# Looking for an Excel spreadsheet to calculate selling price



## jleampark (Sep 6, 2007)

Does anyone have an Excel spreadsheet that they use to work up a quote for a customer? I am looking for either Excel or PHP, where I can create a database with all my shirt costs and my design costs. Then, on the worksheet, I would select the type of shirt, its color, the number of colors in the design, whether the design is front and/or back.
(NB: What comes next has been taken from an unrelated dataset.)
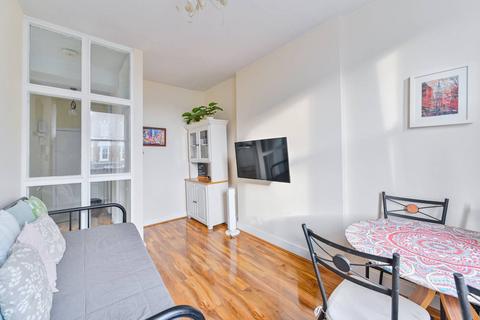 1 bedroom flat to rent, Flat, Battersea, London, SW11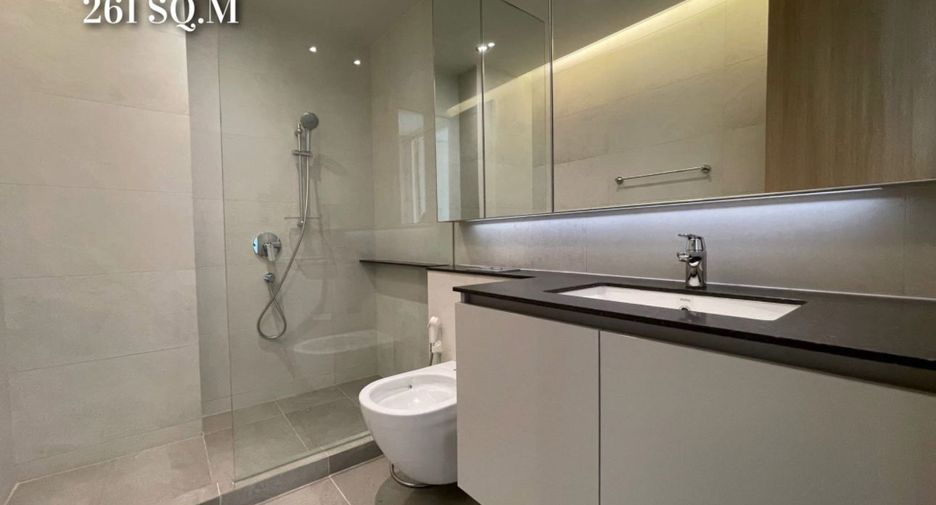 Condo en venta de 3 habitaciones en Yan Nawa, Bangkok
The spreadsheet would give me the cost of my shirt, add in my profit margin and give me the selling price.

I would think something like that is do-able; maybe a pain to set up the database(s) with all the individual costs.

Does anyone have something like that?

Sharing is caring. 

Please and thank you.

Joe


----------



## bomber315 (Jun 18, 2010)

i have something like that and i would be curious to see if you could turn it into a frontend i could use infront of a customer and not have them see how i calculate everything... email me at tylerochs@Hotmail.com if you have know how to do that sort of thing


----------



## shelle007 (Jun 3, 2011)

I am interested in this as well


----------



## Gyroink (May 30, 2011)

I used a basic spreadsheet off a template in excel. I think it was the Invoice one, and all i did was change the prices and percentages. I would love to share, but im Greety  jk let me fiddle with it some more and ill try and upload it. hope this helps


----------



## jobbinchung (May 15, 2009)

I thinking the picture can not selected on excel sheet. You can use creat a list, put as much details on it. Then filer with some condition,some of them can be showed under the condition.


----------